--- THE RECORDS Enclosed Below ---
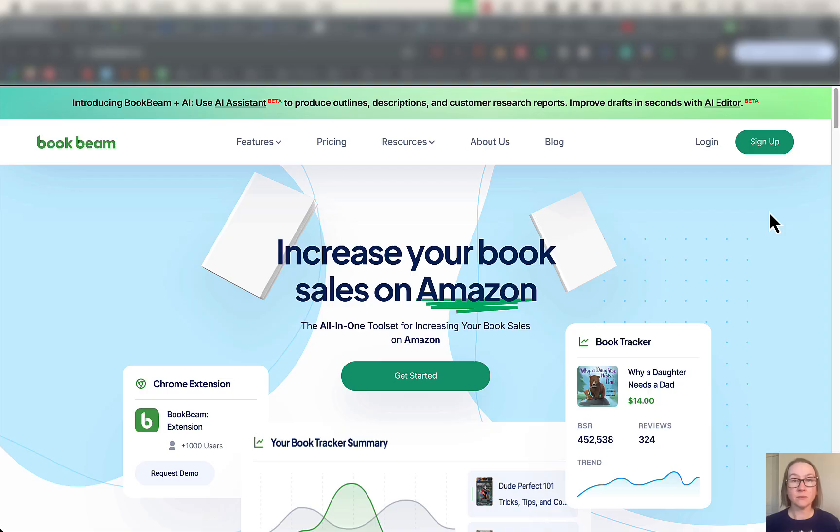If you're creating ebooks or paperback books to sell on Amazon as a side hustle or even as a main hustle, there's a tool I've found that I've been using lately that you have got to check out before you create your next book.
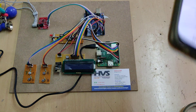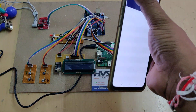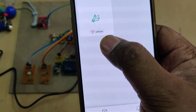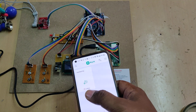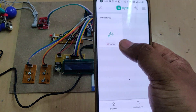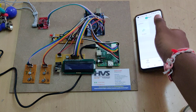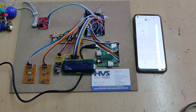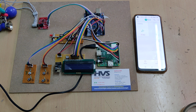After enabling the hotspot, log in to the Blynk application. You can see the device is offline, meaning the device is not yet connected to the internet, which is why it is showing offline.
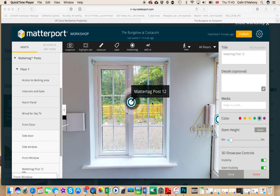Hi folks, just want to give you a quick run through on how to connect a 360 view from outside to your Matterport interior tour. I couldn't find anything online about this when I eventually figured out how to do it, so I thought it'd be a good idea to share it with you guys. Hope it's useful to you.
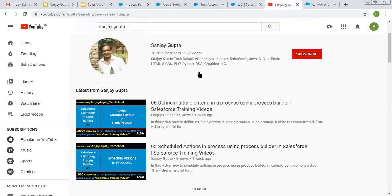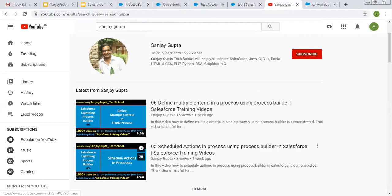I hope you understood how we can bypass a validation rule while updating records through Process Builder. If you want to watch more Salesforce training videos, you can search my name Sanjay Gupta on YouTube and follow my YouTube channel. Thank you for watching this video.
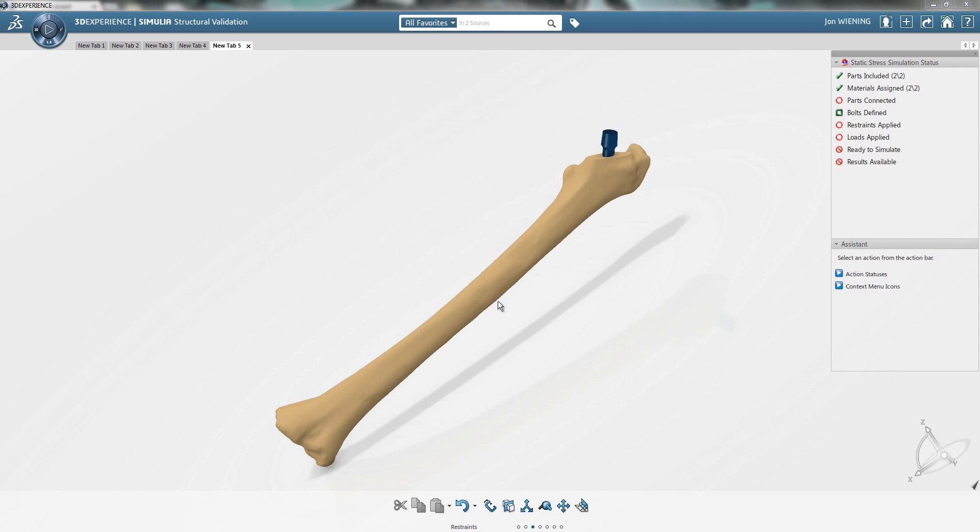Here we have an assembly of a femur bone and a hip implant device. Our goal is to determine how well this particular implant design is going to work in service. So we'll test it virtually inside of Simulia Structural Validation.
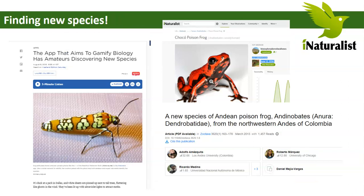And if you're really lucky, you might actually discover a new species. The app that aims to gamify biology has amateurs discovering new species — including a new species of insect and a new species of the Andean poison frog, where somebody took a photo, uploaded it to iNaturalist, and found out they had discovered a brand new species.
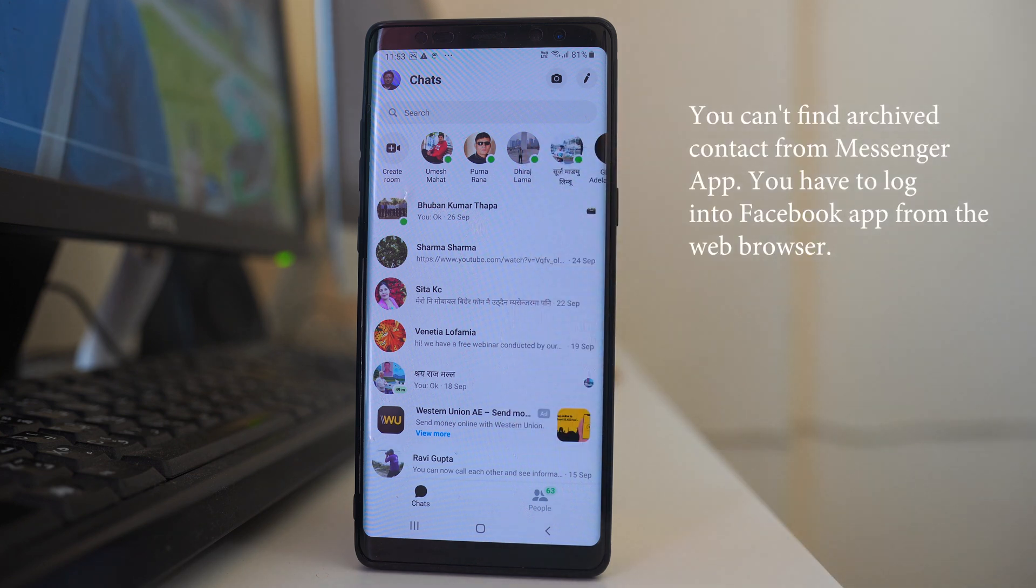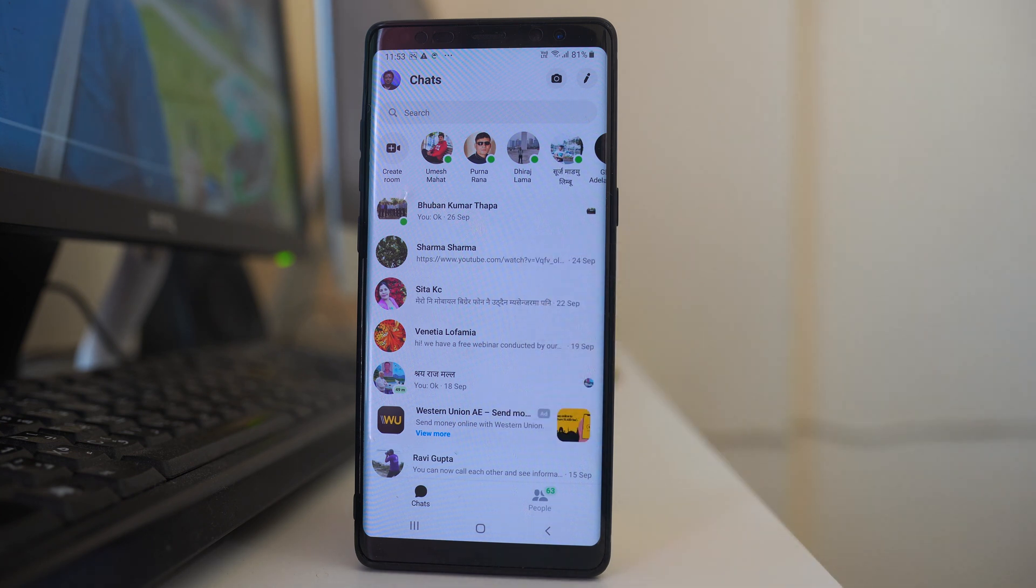Until the person sends you a message, you cannot bring the archived contact to the main screen.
--- End of Enclosed THE RECORDS ---
## [TASK REQUIREMENTS]
Give the listing again, exactly as it appears, but without its images.

## [OUTPUT OF THE EXERCISE]
If you're creating ebooks or paperback books to sell on Amazon as a side hustle or even as a main hustle, there's a tool I've found that I've been using lately that you have got to check out before you create your next book.
After enabling the hotspot, log in to the Blynk application. You can see the device is offline, meaning the device is not yet connected to the internet, which is why it is showing offline.
Hi folks, just want to give you a quick run through on how to connect a 360 view from outside to your Matterport interior tour. I couldn't find anything online about this when I eventually figured out how to do it, so I thought it'd be a good idea to share it with you guys. Hope it's useful to you.
I hope you understood how we can bypass a validation rule while updating records through Process Builder. If you want to watch more Salesforce training videos, you can search my name Sanjay Gupta on YouTube and follow my YouTube channel. Thank you for watching this video.
Here we have an assembly of a femur bone and a hip implant device. Our goal is to determine how well this particular implant design is going to work in service. So we'll test it virtually inside of Simulia Structural Validation.
And if you're really lucky, you might actually discover a new species. The app that aims to gamify biology has amateurs discovering new species — including a new species of insect and a new species of the Andean poison frog, where somebody took a photo, uploaded it to iNaturalist, and found out they had discovered a brand new species.
Until the person sends you a message, you cannot bring the archived contact to the main screen.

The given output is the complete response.